# web-scraper-with-python-and-selenium

In this project will cover how to start extracting data with Selenium and Python. We will build a Python script that will log in to a website, scrape some data, format it nicely, and store it in a CSV file.

## An overview of Selenium
Selenium is a suite of tools for automating web browsers that was first introduced as a tool for cross-browser testing.

The `API` built by the Selenium team uses the `WebDriver` protocol to take control of a web browser, like Chrome or Firefox, and perform different tasks, like:

- Filling forms
- Scrolling
- Taking screenshots
- Clicking buttons



Now you might be wondering how all this translates into web scraping. It’s simple, really.

Data extraction can be a real pain in the neck sometimes. Websites are being built as Single Page Applications nowadays even when there’s no need for that. They’re popping `CAPTCHAs` more frequently than needed and even `blocking regular users’ IPs`.
In short, `bot detection` is a very `frustrating` feature that feels like a bug.
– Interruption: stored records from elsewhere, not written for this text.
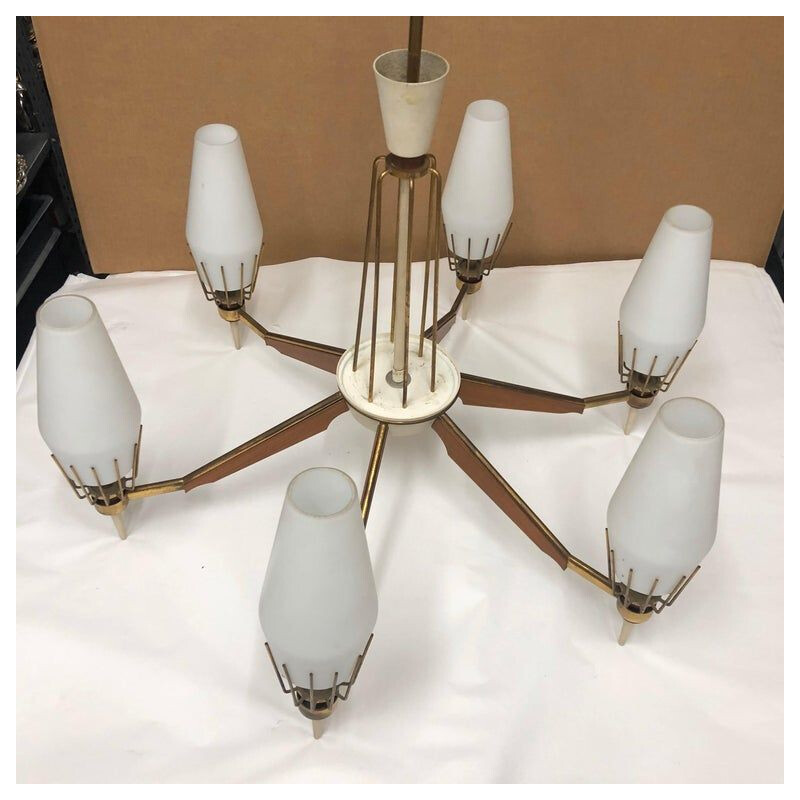 Mid-Century Modern Italian Chandelier, circa 1960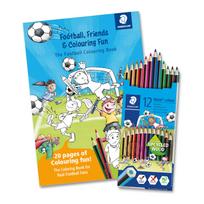 Spalvoti pieštukai STAEDTLER Noris World Cup, 12 vnt. + Spalvinimo knygelė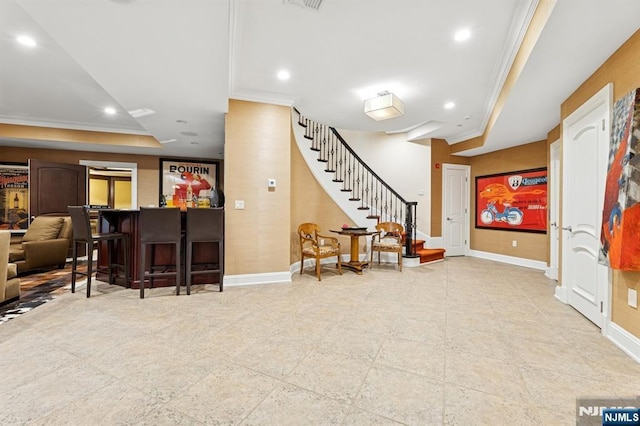 511 Bellaire Dr, Demarest, NJ 07627 - entrance foyer featuring crown molding, stairs, baseboards, a raised ceiling, and recessed lighting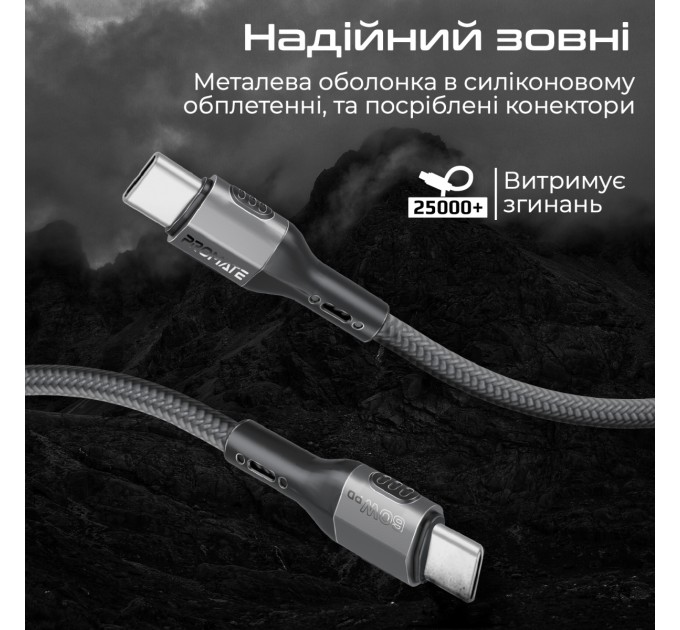 Promate Кабель Promate USB Type-C - USB Type-C (M/M), 3A, 60W, 2 м, Black (ecoline-cc200.black)
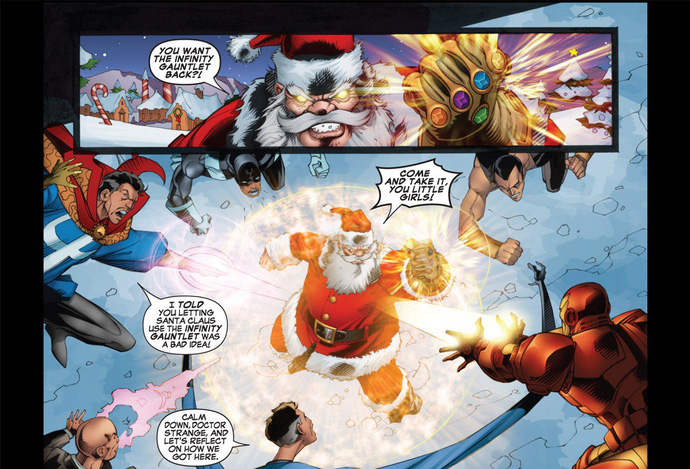 Có thể bạn chưa biết: Ông già Noel cũng đã từng mang Găng Tay Vô Cực, bán hành ngập mặt các siêu anh hùng Marvel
`Selenium` can help in these cases by understanding and executing `Javascript` code and automating many tedious processes of web scraping, like `scrolling` through the page, grabbing `HTML elements`, or `exporting fetched data`.


## Installation

To show the real power of Selenium and Python, we are going to scrape some information off the /r/learnprogramming subreddit. Besides scraping data, I’ll also show you how signing in can be implemented. Now that we have an understanding of the primary tool and the website we are going to use, let’s see what other requisites we need to have installed:

- Python
- Selenium package
- Pandas package
- BeautifulSoup package
- Google Chrome
- Chrome driver

In [2]:
! pip install selenium --upgrade --quiet
! pip install pandas --upgrade --quiet
! pip install bs4 --upgrade --quiet

## Starting the browser

In [8]:
from bs4 import BeautifulSoup
from selenium import webdriver
from selenium.webdriver.chrome.options import Options


we can also run Google Chrome without a graphical user interface and `log the page’s HTML content` by adding a couple of lines of code. We will set the headless option to true for the chrome driver (to remove the graphical interface) and a `window size of 1080 pixels` (to get the correct HTML code for our use case).

In [10]:
options = Options()
options.headless = True
options.add_argument("--window-size=1920,1080")

## Locating specific data

In [None]:
PATH = "C:\Program Files (x86)\chromedriver.exe"

driver = webdriver.Chrome(PATH)
driver.get("https://www.reddit.com/r/learnprogramming/top/?t=month")

In [None]:
print(driver.page_source)
driver.quit()

The combined code will look like. The last two lines of code exit Chrome right after finishing logging the page’s HTML.

In [None]:
from selenium import webdriver
from selenium.webdriver.chrome.options import Options

options = Options()
options.headless = True
options.add_argument("--window-size=1920,1080")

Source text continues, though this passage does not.